Praising the Court’s judgment, LIUNA General President Terry O’Sullivan said, “This decision may finally dispel the fantasy that, somehow, general contractors can avoid responsibility for their sites’ safety and health conditions by simply saying, ‘We had nothing to do with what the subcontractor did.’ In every other respect, the general contractor manages the project and ensures subcontractor compliance. Why should safety and health be an exception?”
In 2007, through the National Construction Alliance, LIUNA had filed an amicus brief in the case, Secretary of Labor v. Summit Contractors, Inc., after the Occupational Safety and Health Review Commission (OSHRC) – a Presidentially-appointed panel that hears appeals of OSHA citations – determined that OSHA had overstepped its authority in citing Summit for the failure of its subcontractor to use electrical equipment with ground fault circuit interrupters (GFCIs) as required by the agency’s electrical wiring standard (1926.404(b)(1)(ii)). Bush era appointees had disturbed decades of settled administrative law by construing language in the OSHA Act to bar citations if the general contractor’s employees were not actually on the worksite where and when the violation occurred. As a matter of fact, however, Summit had ordered the electrical parts for its subcontractor but had not examined them before use.

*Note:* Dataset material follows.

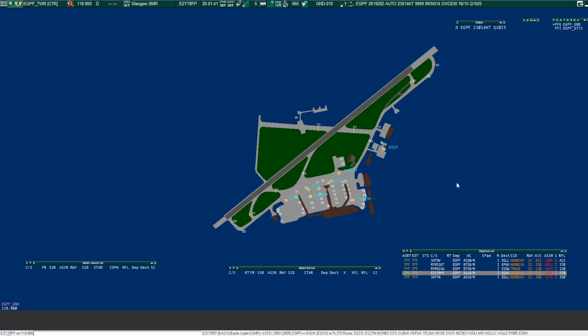Glasgow, good evening, EZ78 Foxtrot Papa, A319, stand 28 with Delta 1025, request clearance. EZ78 Foxtrot Papa, good evening Glasgow tower, you're cleared to London Gatwick, Norbow 1H, squawk 3276.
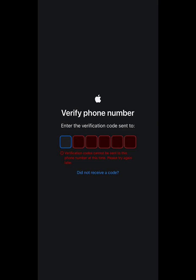Another issue you may encounter is a verification code issue. You might face difficulties in receiving a code through SMS, especially after receiving it through email. The reason might be a temporary failure in Apple's server caused by overload or too many requests, or poor mobile carrier network in your region. To improve your chances, try creating your iCloud account during late night hours when server traffic is minimal.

In 2009, Obama Administration Secretary of Labor Hilda Solis appealed the OSHRC ruling to the Eighth Circuit Court of Appeals (the Summit project in question was located in that region) and prevailed in a decision that said Summit was the “controlling employer” on the site and could have – should have – known about the unsafe equipment used by its subcontractor. Forced to reconsider its earlier determination, the OSHRC reversed itself and, in 2010, affirmed OSHA’s original citation. Stubbornly bucking the odds, Summit appealed the OSHRC’s reversal.
Summit raised three arguments, all rejected by the appeals court in D.C. Rather than weakening the multi-employer citation policy, the court – which is considered the nation’s judicial authority on administrative law – instead gave it a powerful boost. Nevertheless, while an appeal is considered doubtful, Summit could argue that because the Fifth Circuit once took exception to the citation policy – in 1981, the only court to ever do so – its case now warrants a Supreme Court review.
There is simply no common sense behind the view that general contractors are not responsible for all conditions – safety included – on their sites,” says O’Sullivan, “and 30 years of legal precedence have affirmed this logic. It’s time for reluctant employers like Summit to accept their responsibility and get fully onboard with subcontractor safety oversight.”
Despite the long appeals process, OSHA never relaxed its multi-employer citation policy because, as long as the case was under appeal, it was not required to do so. In addition, insurers were generally unwilling to write coverage for general contractors who would not hold subcontractors to OSHA standards. Thus, despite Summit’s efforts, general contractor accountability for subcontractor safety never deviated from the long-accepted norm.